米国のドナルド・トランプ前大統領が3月30日、大統領経験者として初めて刑事事件で起訴された。ニューヨーク州マンハッタン地区検察はトランプ氏が 2016年の大統領選に関連した違法行為を隠すため、ビジネス記録を改ざんしたとして34の罪で起訴に踏み切った。歴史的な一大事とあって、ニューヨーク・タイムズ紙(NYT)が第一報すると、テレビ各局も一斉に速報特番態勢に入った。同紙はこれらを「トランプショーの復活」と報じている。

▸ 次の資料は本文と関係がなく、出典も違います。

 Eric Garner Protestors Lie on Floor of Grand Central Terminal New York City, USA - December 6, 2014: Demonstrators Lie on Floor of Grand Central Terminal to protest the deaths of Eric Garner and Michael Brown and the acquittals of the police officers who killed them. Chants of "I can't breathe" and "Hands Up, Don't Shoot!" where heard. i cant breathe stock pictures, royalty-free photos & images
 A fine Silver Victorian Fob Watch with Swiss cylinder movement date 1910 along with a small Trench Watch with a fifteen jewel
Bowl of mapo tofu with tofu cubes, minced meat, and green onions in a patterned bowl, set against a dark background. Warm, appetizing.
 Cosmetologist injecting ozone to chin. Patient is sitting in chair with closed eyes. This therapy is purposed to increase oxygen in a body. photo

翌週4月4日の罪状認否に出廷したトランプ氏は、すべての罪状を否認した。入廷を禁じられたテレビカメラは入り口付近に陣取り、わずか5秒のトランプ氏入廷の瞬間を全米に届けた。この日、ケーブルニュース局は終日トランプ特番を組んだ。
テレビカメラは入廷できず
起訴が伝えらえた3月30日の速報には各局の花形アンカーが総出で報道にあたった。MSNBCのレイチェル・マドーはこの日非番だったにもかかわらず、「メークも自分でやったのであしからず」などとジョークを飛ばしながら駆けつけ、緊急登板。トランプ氏の起訴は予想されていたものの、それがいつになるかはメディアもつかんでいなかったようで、その驚きは各局のアンカーらの様子からも視聴者に伝わった。

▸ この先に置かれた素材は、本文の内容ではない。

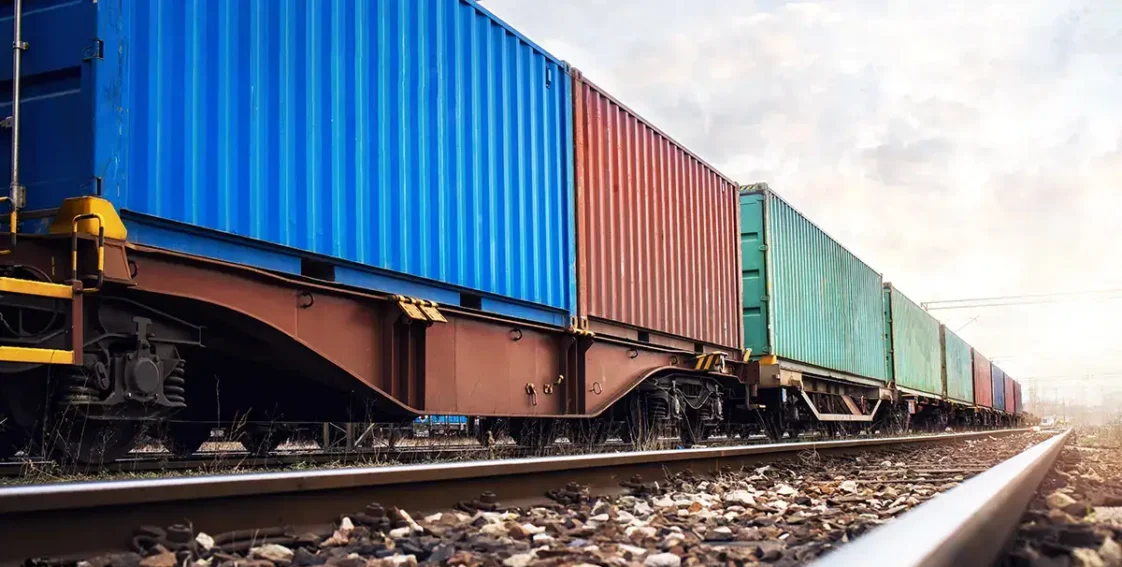 A close-up view of a freight train consisting of多个 colorful shipping containers, including blue, red, and green. The train is positioned on a set of railway tracks, which are lined with gravel. The perspective is low to the ground, focusing on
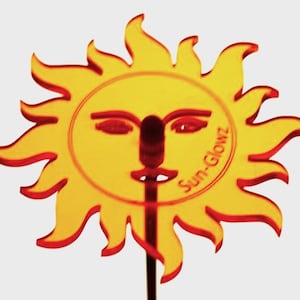 May include: Orange and red sun-shaped cake topper with a smiling face and the text "Sun-Glowz".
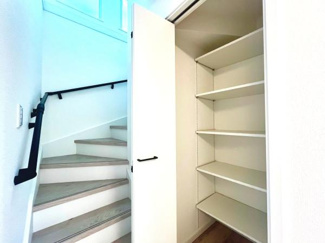 階段横に設けられた収納スペースは使いやすさを考えたシンプルな設計です。扉付きで中身を隠すことができ室内をすっきりと保ちやすいです。可動棚になっており高さ調整が可能です。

テレビカメラがニューヨーク市内の法廷に入ることはほとんどないが、今回は歴史的瞬間とあって例外が認められるかが注目されていた。テレビ局は当然、カメラ中継できるよう申請を行っていたが、トランプ陣営は逆に報道陣締め出しの要請で対抗。結果、罪状認否前日の夕方、ニューヨーク州最高裁はテレビカメラの入廷禁止を発表した。PCやスマホ・携帯電話などあらゆる通信デバイスの法廷内持ち込みが禁止された。ただし、5人のスチールカメラマンが正式な罪状認否が始まるまでの数分間だけ入廷して撮影が許可された。
終日特番を組んだケーブル局だけでなく、大手地上波局もライブで伝えた。ABCニュースのデービッド・ミューアーは、あっという間のトランプ氏入廷映像の直後、「わずか5秒ですが、歴史的な5秒でした」と事実の重大さを強調した。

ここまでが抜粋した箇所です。